Top of Data for the task
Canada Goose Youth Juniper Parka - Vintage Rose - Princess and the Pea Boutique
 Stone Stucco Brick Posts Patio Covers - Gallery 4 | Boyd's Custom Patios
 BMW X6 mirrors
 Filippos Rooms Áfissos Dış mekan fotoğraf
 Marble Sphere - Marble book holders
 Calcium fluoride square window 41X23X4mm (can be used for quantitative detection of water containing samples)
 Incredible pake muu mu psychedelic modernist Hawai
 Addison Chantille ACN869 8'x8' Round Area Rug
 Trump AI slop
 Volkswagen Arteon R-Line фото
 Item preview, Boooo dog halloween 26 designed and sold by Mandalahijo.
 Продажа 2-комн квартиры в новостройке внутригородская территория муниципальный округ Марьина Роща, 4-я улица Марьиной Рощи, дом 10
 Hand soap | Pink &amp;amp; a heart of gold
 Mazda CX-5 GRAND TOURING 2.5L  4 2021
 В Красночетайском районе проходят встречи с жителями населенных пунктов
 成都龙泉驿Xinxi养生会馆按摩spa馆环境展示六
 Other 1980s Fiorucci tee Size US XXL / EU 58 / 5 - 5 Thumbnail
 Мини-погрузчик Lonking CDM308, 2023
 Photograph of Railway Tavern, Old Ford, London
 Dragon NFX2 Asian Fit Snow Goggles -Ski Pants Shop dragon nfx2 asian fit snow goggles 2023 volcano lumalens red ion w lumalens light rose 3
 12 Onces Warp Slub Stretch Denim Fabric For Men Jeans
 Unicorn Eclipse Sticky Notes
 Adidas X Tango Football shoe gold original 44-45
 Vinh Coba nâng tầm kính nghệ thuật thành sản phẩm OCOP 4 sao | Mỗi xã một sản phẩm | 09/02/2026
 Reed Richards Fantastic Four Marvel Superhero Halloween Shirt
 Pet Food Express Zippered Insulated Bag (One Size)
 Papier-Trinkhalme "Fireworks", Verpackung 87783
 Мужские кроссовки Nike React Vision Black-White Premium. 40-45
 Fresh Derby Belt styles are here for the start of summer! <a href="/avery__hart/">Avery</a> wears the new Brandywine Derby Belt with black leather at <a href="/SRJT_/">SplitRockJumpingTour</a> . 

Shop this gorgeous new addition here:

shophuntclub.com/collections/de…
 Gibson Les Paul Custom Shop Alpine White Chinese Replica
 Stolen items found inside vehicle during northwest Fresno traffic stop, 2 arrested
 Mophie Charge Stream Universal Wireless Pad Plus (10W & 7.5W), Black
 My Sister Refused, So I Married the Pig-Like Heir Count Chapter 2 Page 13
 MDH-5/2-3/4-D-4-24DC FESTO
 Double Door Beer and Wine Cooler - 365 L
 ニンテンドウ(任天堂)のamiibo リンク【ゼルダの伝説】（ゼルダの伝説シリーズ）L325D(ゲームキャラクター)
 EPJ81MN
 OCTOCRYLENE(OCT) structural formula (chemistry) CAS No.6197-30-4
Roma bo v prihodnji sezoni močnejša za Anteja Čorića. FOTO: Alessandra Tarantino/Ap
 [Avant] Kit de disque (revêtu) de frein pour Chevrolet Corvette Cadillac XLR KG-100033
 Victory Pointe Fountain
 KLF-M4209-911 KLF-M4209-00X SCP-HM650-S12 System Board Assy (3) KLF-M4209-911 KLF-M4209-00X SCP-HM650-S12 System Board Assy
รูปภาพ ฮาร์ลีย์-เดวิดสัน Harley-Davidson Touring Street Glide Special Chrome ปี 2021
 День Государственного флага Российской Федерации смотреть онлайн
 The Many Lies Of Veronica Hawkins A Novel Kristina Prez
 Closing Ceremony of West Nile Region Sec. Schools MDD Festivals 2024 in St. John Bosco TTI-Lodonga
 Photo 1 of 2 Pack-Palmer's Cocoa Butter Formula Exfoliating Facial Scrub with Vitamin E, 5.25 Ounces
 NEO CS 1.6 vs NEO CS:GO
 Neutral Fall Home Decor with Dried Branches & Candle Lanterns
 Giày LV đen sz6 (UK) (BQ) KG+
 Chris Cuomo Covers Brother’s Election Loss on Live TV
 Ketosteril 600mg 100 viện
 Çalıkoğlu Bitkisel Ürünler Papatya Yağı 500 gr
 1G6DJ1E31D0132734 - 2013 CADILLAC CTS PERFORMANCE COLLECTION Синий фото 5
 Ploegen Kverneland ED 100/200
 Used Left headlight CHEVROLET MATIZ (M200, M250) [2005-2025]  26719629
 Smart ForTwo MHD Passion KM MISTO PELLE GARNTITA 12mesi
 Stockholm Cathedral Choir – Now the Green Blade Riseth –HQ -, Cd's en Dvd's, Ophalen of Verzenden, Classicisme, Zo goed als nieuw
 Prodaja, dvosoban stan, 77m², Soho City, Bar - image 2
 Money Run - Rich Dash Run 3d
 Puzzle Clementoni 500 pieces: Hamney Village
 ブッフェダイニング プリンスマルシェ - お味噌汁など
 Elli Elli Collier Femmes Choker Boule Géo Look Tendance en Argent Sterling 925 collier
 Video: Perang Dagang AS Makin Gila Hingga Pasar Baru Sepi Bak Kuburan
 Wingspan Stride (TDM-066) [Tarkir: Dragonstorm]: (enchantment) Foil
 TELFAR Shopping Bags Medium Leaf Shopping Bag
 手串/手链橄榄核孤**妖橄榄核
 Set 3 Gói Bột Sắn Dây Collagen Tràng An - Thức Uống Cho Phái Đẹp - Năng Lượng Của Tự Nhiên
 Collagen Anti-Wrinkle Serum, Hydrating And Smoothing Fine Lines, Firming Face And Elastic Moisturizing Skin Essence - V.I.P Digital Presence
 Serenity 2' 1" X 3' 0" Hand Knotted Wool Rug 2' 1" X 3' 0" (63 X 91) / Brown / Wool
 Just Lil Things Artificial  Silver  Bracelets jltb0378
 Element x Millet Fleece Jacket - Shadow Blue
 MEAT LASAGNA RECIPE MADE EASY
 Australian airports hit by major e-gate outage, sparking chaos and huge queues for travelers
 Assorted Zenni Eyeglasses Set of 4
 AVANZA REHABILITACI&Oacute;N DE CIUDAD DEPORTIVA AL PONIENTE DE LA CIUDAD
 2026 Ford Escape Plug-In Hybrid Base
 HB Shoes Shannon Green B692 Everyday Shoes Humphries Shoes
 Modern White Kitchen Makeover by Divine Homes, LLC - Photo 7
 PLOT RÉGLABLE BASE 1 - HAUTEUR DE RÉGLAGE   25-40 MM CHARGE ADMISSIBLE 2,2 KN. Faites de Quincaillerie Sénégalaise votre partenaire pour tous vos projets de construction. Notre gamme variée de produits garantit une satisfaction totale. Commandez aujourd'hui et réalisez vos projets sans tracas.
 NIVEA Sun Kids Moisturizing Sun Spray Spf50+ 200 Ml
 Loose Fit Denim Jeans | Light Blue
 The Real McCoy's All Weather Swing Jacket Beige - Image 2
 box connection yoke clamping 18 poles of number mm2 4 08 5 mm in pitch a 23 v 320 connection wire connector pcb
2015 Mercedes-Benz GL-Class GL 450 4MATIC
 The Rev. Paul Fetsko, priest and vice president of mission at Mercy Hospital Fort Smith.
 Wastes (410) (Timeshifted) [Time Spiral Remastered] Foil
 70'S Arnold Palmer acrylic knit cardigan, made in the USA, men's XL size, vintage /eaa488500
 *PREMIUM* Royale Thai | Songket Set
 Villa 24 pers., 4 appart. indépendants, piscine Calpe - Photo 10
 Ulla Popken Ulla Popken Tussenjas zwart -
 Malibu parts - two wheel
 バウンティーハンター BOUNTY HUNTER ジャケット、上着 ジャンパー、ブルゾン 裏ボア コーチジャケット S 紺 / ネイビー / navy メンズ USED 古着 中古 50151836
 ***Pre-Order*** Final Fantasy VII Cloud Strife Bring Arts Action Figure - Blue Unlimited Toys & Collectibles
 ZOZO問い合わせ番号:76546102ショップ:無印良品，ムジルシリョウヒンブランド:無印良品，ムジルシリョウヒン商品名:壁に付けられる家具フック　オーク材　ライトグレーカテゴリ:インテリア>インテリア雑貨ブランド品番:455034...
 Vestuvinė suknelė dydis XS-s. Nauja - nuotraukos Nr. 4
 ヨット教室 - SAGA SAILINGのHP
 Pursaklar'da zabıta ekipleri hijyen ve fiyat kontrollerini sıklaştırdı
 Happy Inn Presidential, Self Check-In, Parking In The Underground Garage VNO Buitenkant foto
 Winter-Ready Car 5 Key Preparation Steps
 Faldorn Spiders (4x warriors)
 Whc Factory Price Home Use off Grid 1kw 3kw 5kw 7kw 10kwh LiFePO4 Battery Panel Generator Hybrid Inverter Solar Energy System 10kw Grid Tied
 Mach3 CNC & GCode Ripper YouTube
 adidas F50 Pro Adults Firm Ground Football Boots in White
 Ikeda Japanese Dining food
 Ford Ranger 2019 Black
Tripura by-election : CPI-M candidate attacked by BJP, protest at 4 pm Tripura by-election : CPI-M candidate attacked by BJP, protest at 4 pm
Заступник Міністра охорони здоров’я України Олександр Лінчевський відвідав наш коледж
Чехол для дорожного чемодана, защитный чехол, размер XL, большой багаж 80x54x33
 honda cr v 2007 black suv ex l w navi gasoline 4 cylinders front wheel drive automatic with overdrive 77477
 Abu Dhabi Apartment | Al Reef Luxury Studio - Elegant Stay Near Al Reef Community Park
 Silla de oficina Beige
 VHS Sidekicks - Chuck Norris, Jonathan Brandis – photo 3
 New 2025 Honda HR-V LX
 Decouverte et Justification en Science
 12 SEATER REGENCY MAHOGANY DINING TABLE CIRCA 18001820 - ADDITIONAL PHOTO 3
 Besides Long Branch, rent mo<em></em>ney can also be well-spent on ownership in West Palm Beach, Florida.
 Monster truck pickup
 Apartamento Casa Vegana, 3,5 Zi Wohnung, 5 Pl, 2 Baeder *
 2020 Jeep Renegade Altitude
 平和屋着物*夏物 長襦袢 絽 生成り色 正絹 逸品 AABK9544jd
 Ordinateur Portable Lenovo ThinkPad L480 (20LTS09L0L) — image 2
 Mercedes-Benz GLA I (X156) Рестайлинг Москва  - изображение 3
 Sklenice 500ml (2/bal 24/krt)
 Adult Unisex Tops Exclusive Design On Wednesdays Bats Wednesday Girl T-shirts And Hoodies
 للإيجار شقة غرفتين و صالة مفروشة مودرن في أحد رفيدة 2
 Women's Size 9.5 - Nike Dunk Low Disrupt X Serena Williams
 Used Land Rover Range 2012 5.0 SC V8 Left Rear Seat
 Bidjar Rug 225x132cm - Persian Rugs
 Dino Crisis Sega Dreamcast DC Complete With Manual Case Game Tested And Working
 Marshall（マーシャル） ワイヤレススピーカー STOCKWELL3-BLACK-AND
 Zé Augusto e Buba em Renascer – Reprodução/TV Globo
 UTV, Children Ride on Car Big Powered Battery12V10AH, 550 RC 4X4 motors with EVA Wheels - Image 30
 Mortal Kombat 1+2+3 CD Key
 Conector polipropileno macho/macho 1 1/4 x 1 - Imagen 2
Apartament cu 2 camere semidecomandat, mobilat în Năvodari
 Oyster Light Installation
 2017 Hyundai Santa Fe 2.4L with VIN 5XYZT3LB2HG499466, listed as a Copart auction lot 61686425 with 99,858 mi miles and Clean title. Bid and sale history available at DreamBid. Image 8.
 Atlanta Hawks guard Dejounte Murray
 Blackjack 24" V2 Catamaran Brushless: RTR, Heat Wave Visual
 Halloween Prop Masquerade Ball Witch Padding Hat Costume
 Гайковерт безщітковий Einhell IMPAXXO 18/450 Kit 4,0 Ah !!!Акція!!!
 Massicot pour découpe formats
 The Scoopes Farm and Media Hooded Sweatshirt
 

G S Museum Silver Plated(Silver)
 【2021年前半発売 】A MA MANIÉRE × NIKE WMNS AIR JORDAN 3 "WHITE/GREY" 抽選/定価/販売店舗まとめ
Bottom of Data for the task
§ **About this task**
Nothing should appear in the answer except the lines above from the line with "Stolen items found" through the line with "Roma bo v prihodnji", both included, written out exactly.

§ **Answer below**
 Stolen items found inside vehicle during northwest Fresno traffic stop, 2 arrested
 Mophie Charge Stream Universal Wireless Pad Plus (10W & 7.5W), Black
 My Sister Refused, So I Married the Pig-Like Heir Count Chapter 2 Page 13
 MDH-5/2-3/4-D-4-24DC FESTO
 Double Door Beer and Wine Cooler - 365 L
 ニンテンドウ(任天堂)のamiibo リンク【ゼルダの伝説】（ゼルダの伝説シリーズ）L325D(ゲームキャラクター)
 EPJ81MN
 OCTOCRYLENE(OCT) structural formula (chemistry) CAS No.6197-30-4
Roma bo v prihodnji sezoni močnejša za Anteja Čorića. FOTO: Alessandra Tarantino/Ap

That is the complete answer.